Creating a dataset incrementally

This guide shows how to create a dataset incrementally. This is useful when you have a large dataset that you want to load in parts, to avoid running out of memory. Because parts can be loaded in parallel, this can also speed up the process.

Building the dataset

You first need to create an empty dataset with the init command, which is similar to the create command. If there is already a dataset with the same name, you can use the –overwrite flag to replace it. The init command requires a YAML file with the dataset configuration and a name for the dataset. The content of the YAML file will be copied into the dataset, so it will not be needed by following commands.

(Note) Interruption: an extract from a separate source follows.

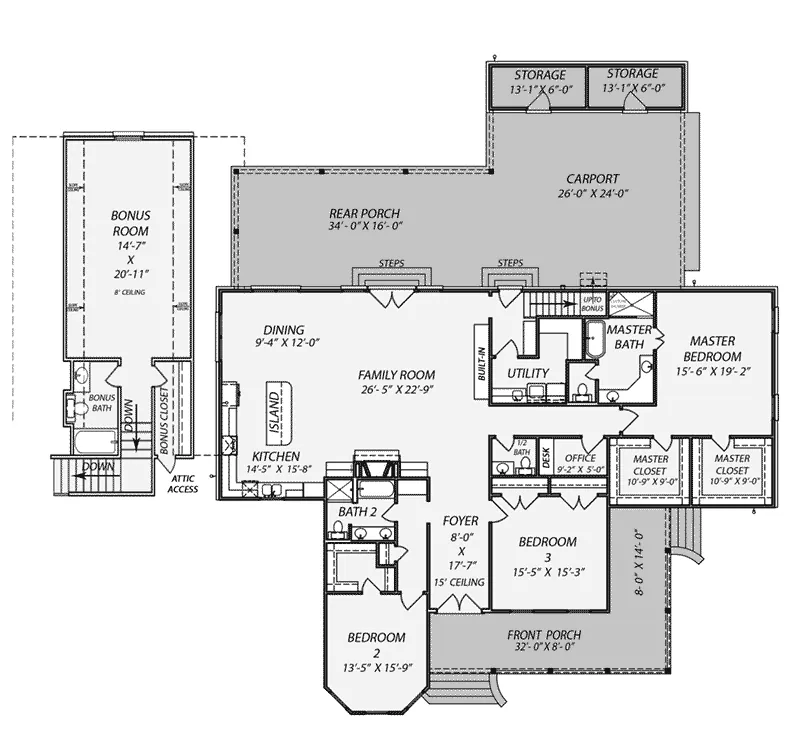 Traditional House Plan First Floor - 170D-0013 - Shop House Plans and More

anemoi-datasets init dataset.yaml dataset.zarr --overwrite

You can then load the dataset in parts with the load command. You just pass which part you want to load with the –parts flag.

Note

Parts are numbered from 1 to N, where N is the total number of parts (unlike Python, where they would start at zero). This is to make it easier to use the seq(1) command in bash.

You can load multiple parts in any order and in parallel by running the load command in different terminals, slurm jobs or any other parallelisation tool. The library relies on the zarr library to handle concurrent writes.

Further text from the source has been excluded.